GIVEN DATA =
* * * * *

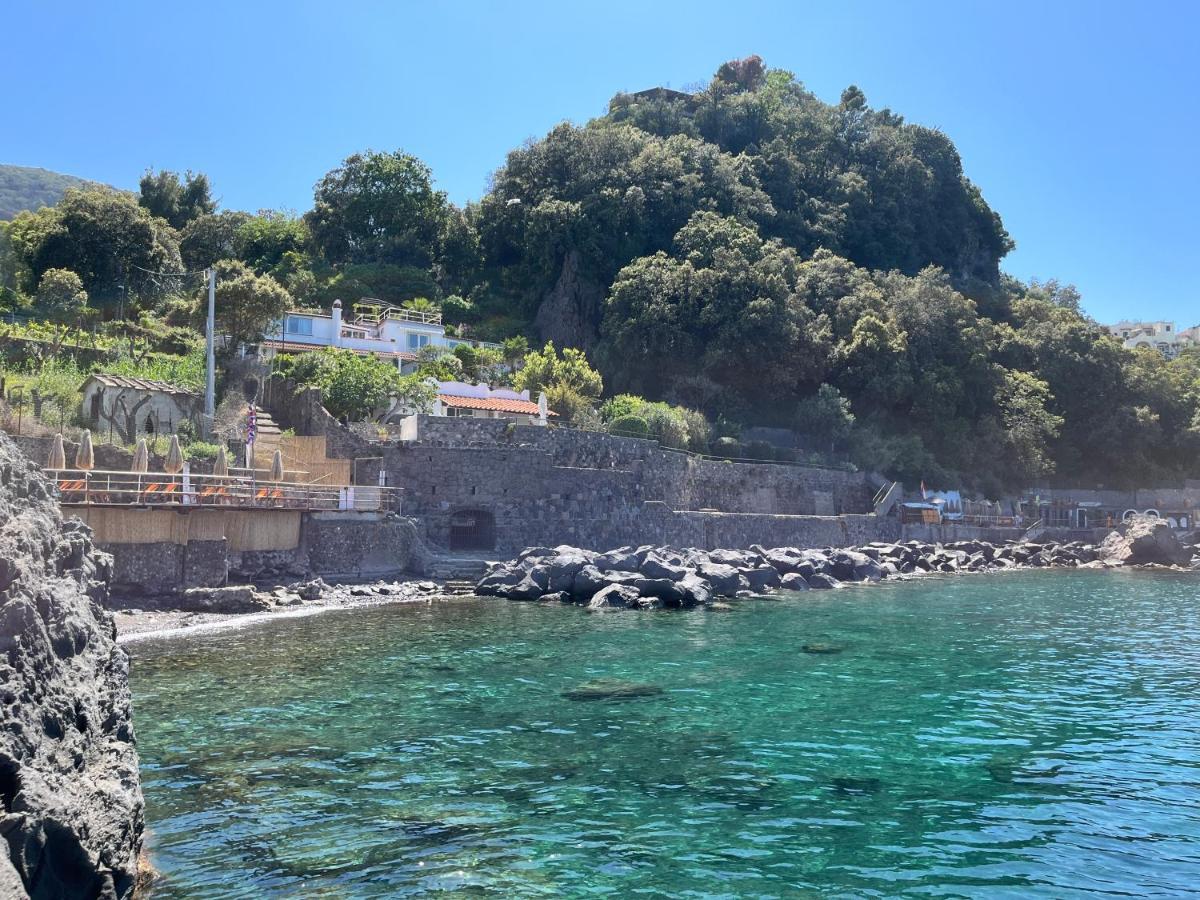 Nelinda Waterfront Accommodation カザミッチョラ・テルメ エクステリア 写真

* * * * *

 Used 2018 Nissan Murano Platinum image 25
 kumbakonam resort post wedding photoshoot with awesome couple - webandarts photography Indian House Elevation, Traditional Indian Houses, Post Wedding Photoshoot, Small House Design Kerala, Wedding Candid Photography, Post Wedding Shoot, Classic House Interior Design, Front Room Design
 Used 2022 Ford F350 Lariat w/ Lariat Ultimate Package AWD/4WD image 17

* * * * *

PROBLEM TO WORK ON =
Copy out, from the data above, each line where the string "Used" is present.

TASK SOLUTION =
 Used 2018 Nissan Murano Platinum image 25
 Used 2022 Ford F350 Lariat w/ Lariat Ultimate Package AWD/4WD image 17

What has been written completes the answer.